(Stored data)

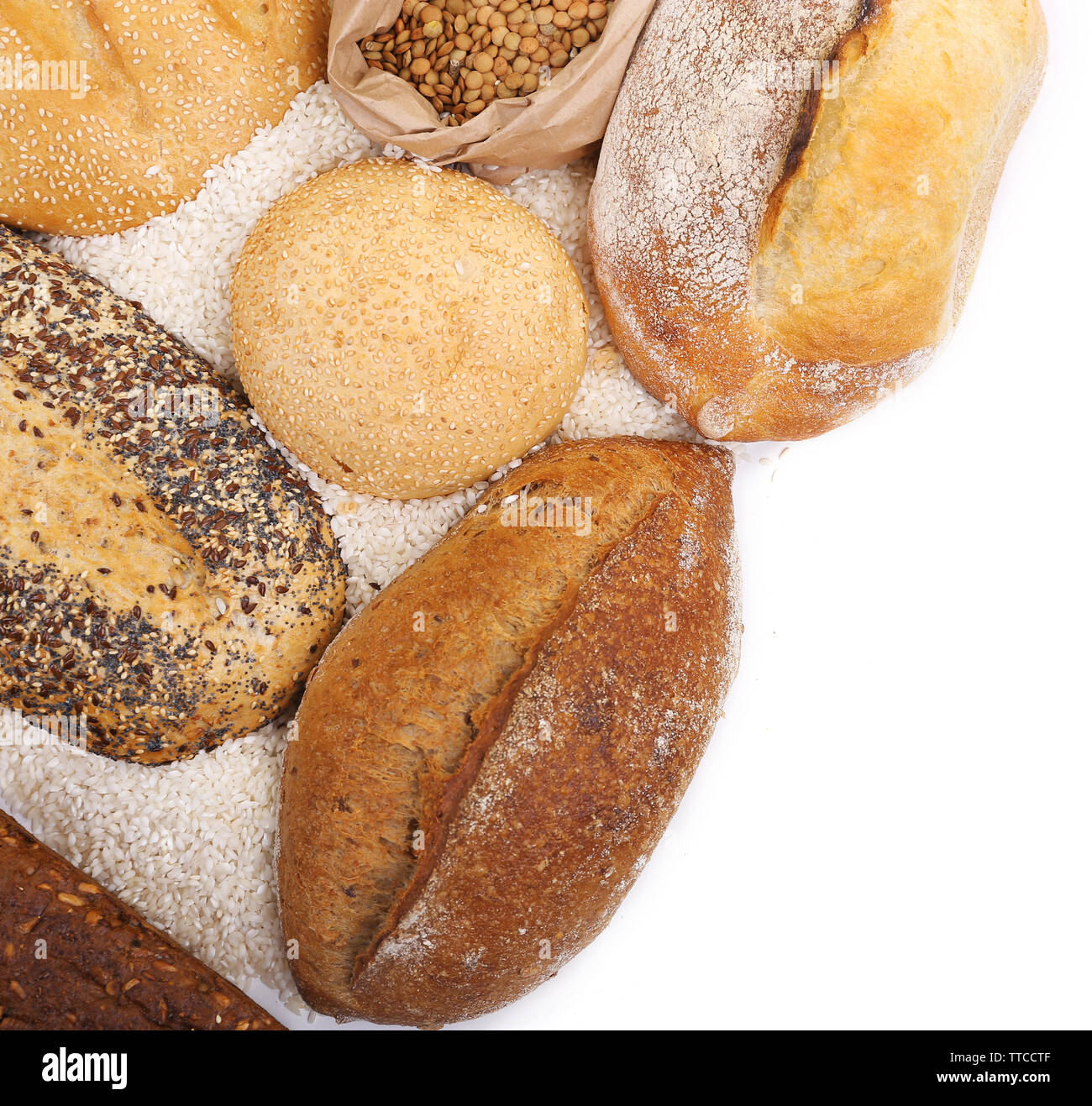 Composition of mixed breads and grains on white background Stock Photo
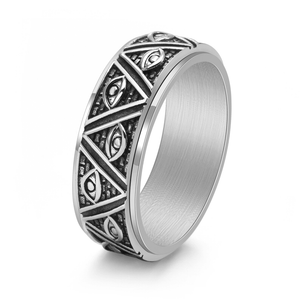Silver ring with intricate black designs on a white background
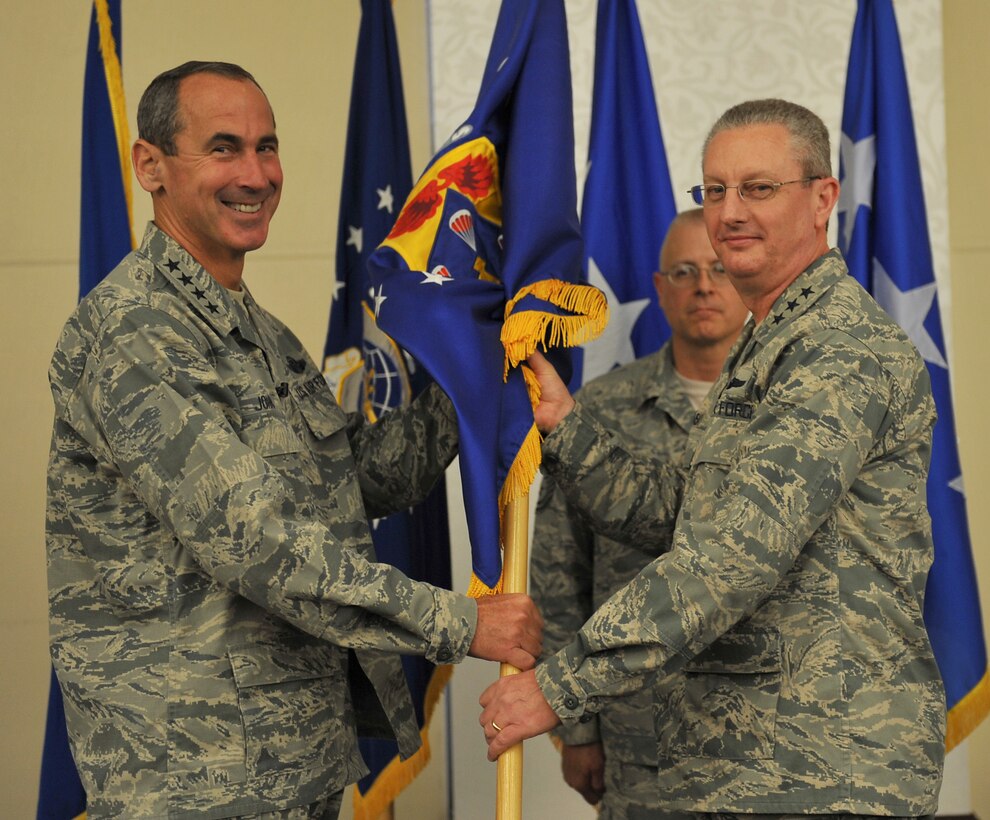 SCOTT AFB, Ill. - Gen. Raymond E. Johns, Jr., Commander of Air Mobility Command (left) passes the 18th Air Force flag to Lt. Gen. Mark F. Ramsay, during a change of command ceremony at the Scott Club here Sept. 23. Ramsay is the 18th Air Force's sixth commander, and is responsible for a worldwide operational mission conducted by more than 43,000 active-duty Airmen and approximately 1,300 airlift and air refueling aircraft. (U.S. Air Force Photo/Airman 1st Class Divine Cox).
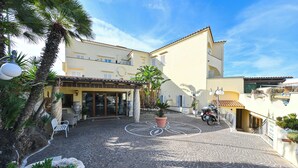 A cobblestone courtyard with a palm tree, a white chair, and a potted plant. - Hotel Terme Tramonto d'oro (Forio)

(End Stored data)

Task statement: With the pictures left out, copy exactly the lines from the one containing "Silver ring with" through the last line of the data.

Completed task:
Silver ring with intricate black designs on a white background
 SCOTT AFB, Ill. - Gen. Raymond E. Johns, Jr., Commander of Air Mobility Command (left) passes the 18th Air Force flag to Lt. Gen. Mark F. Ramsay, during a change of command ceremony at the Scott Club here Sept. 23. Ramsay is the 18th Air Force's sixth commander, and is responsible for a worldwide operational mission conducted by more than 43,000 active-duty Airmen and approximately 1,300 airlift and air refueling aircraft. (U.S. Air Force Photo/Airman 1st Class Divine Cox).
 A cobblestone courtyard with a palm tree, a white chair, and a potted plant. - Hotel Terme Tramonto d'oro (Forio)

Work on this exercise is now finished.